_Work task:_ The span to repeat in the listing below runs from the line containing "After that you" to the line containing "Also, we have", inclusive. Repeat it exactly, and only it.

_Dataset entries:_
--- START ---

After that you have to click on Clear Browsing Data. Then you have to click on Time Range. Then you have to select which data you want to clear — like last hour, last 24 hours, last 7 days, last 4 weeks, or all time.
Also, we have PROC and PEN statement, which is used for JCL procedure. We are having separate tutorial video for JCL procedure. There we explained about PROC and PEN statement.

--- END ---
--- START ---

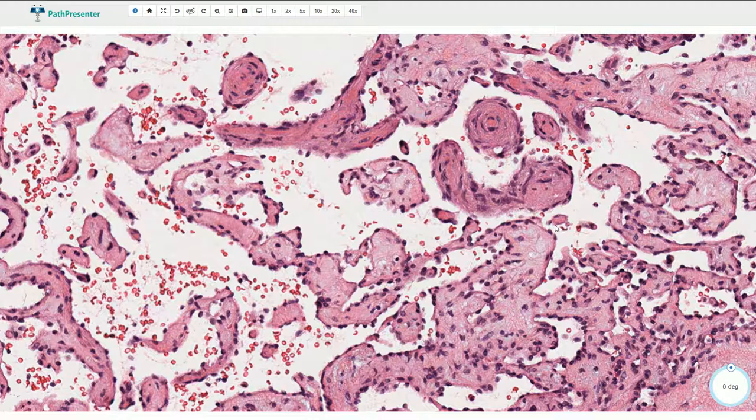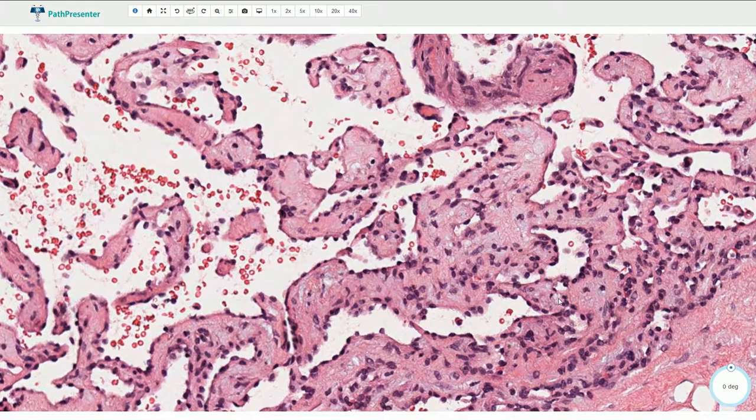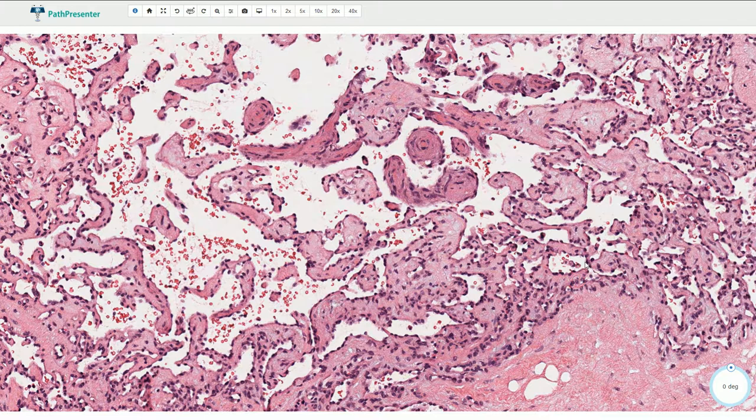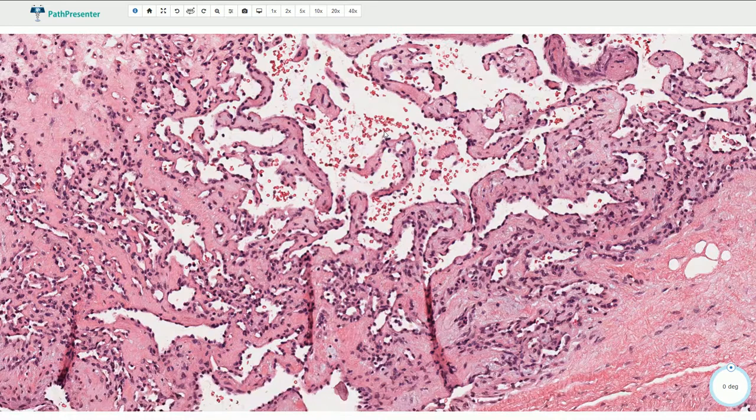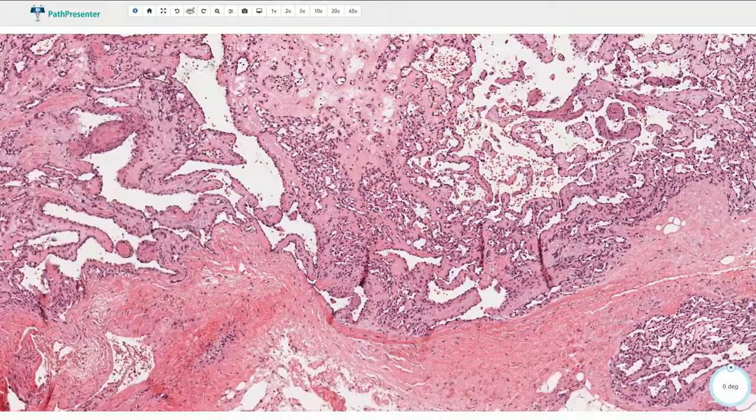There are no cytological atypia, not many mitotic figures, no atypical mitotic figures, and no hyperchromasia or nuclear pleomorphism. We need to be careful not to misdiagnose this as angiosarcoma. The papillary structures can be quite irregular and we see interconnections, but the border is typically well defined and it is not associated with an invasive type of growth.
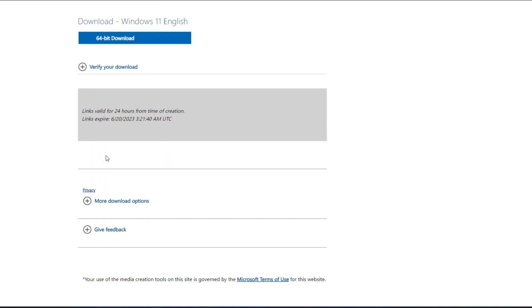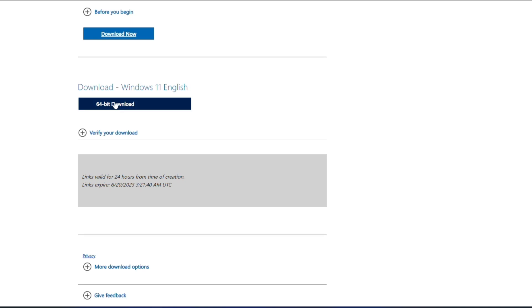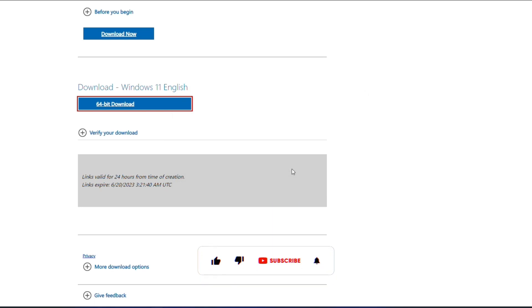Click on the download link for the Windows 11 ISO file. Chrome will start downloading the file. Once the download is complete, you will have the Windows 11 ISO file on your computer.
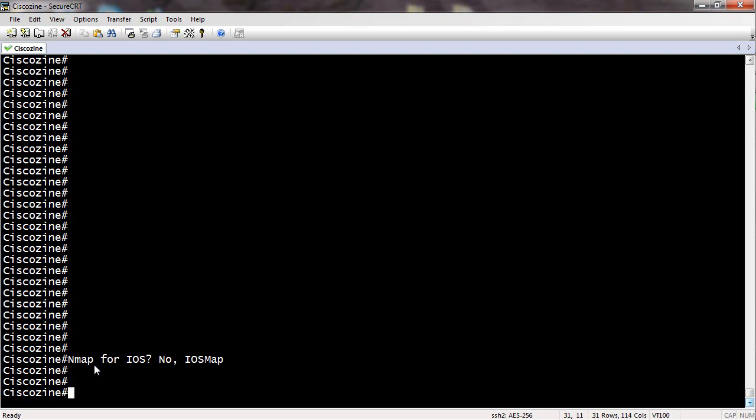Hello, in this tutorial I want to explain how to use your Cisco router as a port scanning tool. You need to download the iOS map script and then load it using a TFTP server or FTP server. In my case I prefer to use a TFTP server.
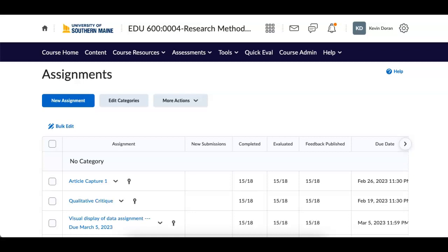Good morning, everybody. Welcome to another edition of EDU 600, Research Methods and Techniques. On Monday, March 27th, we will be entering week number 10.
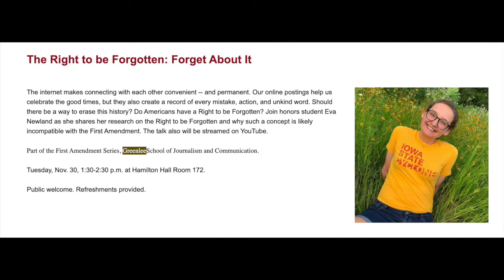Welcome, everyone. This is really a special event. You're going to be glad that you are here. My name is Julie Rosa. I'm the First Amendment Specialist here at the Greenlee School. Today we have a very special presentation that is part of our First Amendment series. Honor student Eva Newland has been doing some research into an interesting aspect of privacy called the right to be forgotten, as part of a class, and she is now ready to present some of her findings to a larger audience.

--- END ---

_Answer for this exercise:_
After that you have to click on Clear Browsing Data. Then you have to click on Time Range. Then you have to select which data you want to clear — like last hour, last 24 hours, last 7 days, last 4 weeks, or all time.
Also, we have PROC and PEN statement, which is used for JCL procedure. We are having separate tutorial video for JCL procedure. There we explained about PROC and PEN statement.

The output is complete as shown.